[Opening Information shown section]

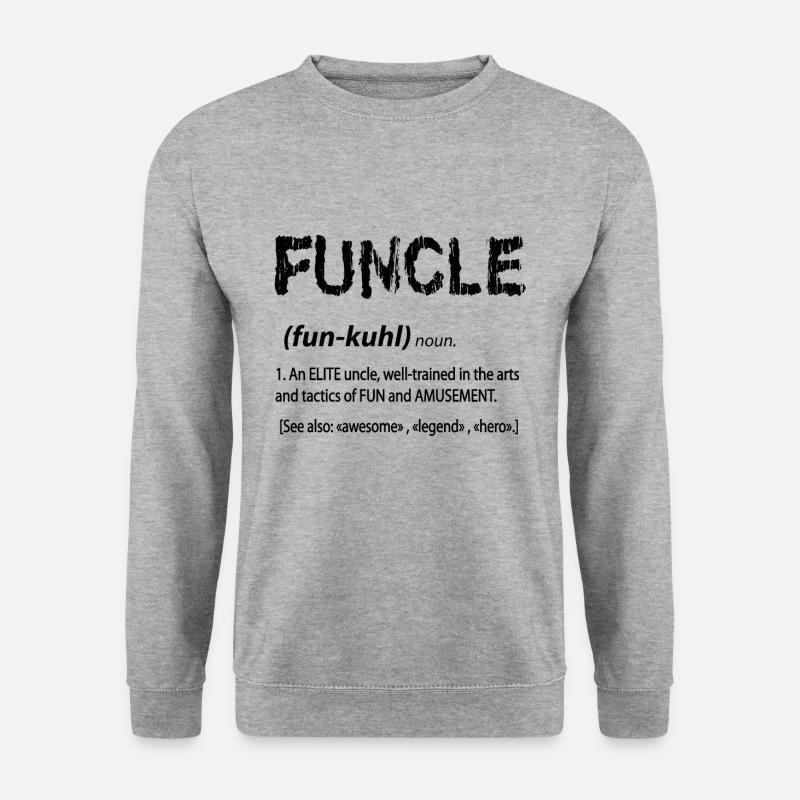 Funcle Onkel - Unisex Pullover - Weißgrau meliert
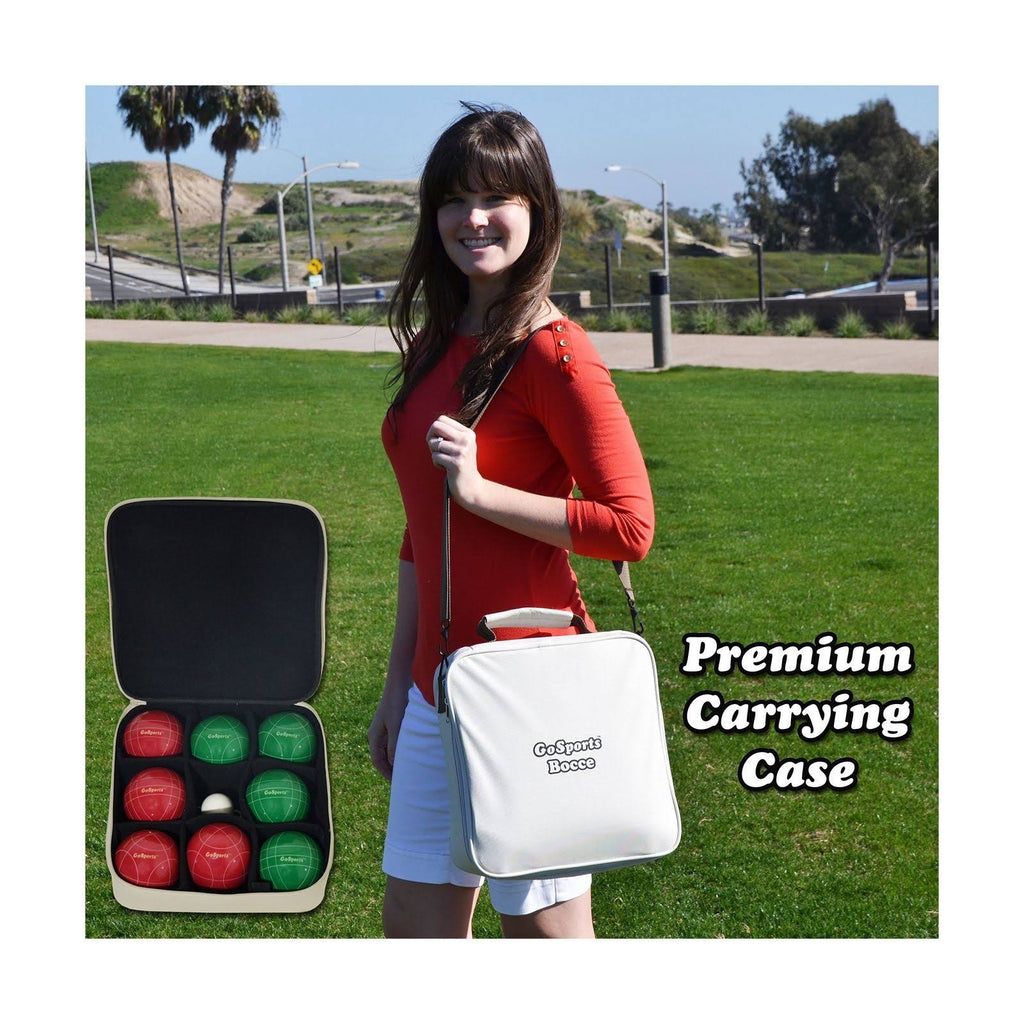 Bocce Set with 8 Balls, Pallino, Case, and Measuring Rope K8822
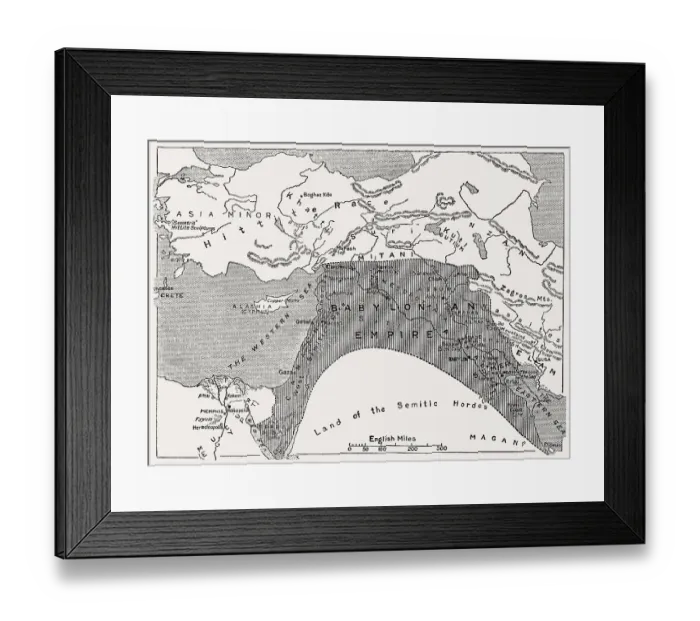 Framed Print : Map of the Babylonian Empire, cradle of civilization Framed Print : Map of the Babylonian Empire, cradle of civilization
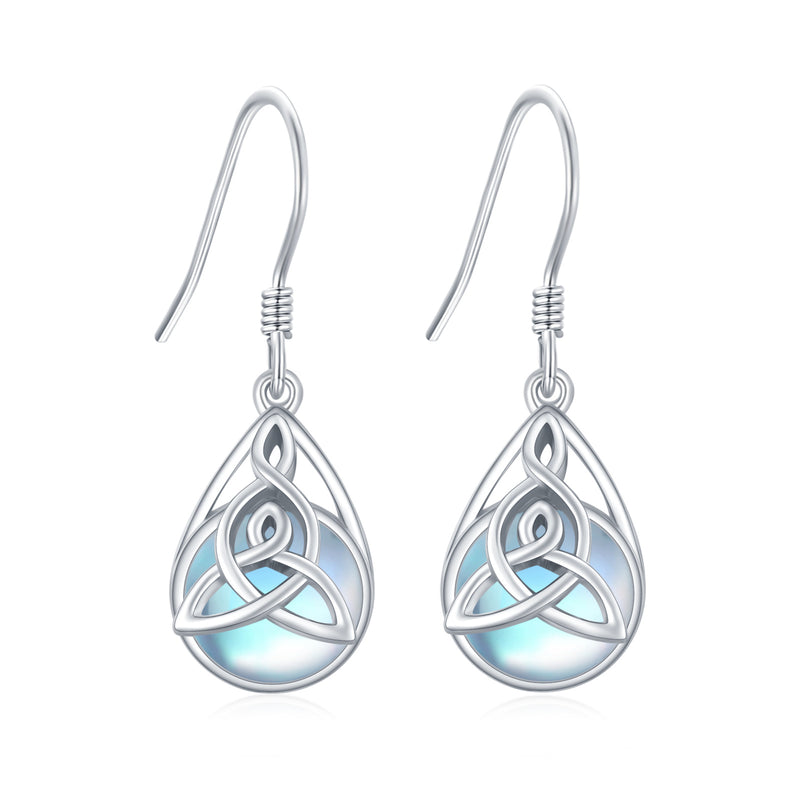 Celtic Knot Moonstone Earring - Sterling Silver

[Closing Information shown section]

- What to do:
A word-for-word retyping of the material above is expected, without pictures.

- Task result:
 Funcle Onkel - Unisex Pullover - Weißgrau meliert
 Bocce Set with 8 Balls, Pallino, Case, and Measuring Rope K8822
 Framed Print : Map of the Babylonian Empire, cradle of civilization Framed Print : Map of the Babylonian Empire, cradle of civilization
 Celtic Knot Moonstone Earring - Sterling Silver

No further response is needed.